Stored entries:
=== Begin Enclosure ===
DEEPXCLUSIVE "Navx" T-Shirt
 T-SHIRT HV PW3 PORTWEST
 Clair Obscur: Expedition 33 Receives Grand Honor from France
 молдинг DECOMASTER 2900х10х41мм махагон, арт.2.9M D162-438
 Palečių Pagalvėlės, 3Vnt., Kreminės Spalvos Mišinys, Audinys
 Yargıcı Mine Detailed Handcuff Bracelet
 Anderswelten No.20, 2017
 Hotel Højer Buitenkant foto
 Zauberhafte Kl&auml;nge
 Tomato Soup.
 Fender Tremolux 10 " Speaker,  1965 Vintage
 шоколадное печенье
=== End Enclosure ===
(Exercise prompt): Could you reproduce all the records exactly?

(Exercise result):
DEEPXCLUSIVE "Navx" T-Shirt
 T-SHIRT HV PW3 PORTWEST
 Clair Obscur: Expedition 33 Receives Grand Honor from France
 молдинг DECOMASTER 2900х10х41мм махагон, арт.2.9M D162-438
 Palečių Pagalvėlės, 3Vnt., Kreminės Spalvos Mišinys, Audinys
 Yargıcı Mine Detailed Handcuff Bracelet
 Anderswelten No.20, 2017
 Hotel Højer Buitenkant foto
 Zauberhafte Kl&auml;nge
 Tomato Soup.
 Fender Tremolux 10 " Speaker,  1965 Vintage
 шоколадное печенье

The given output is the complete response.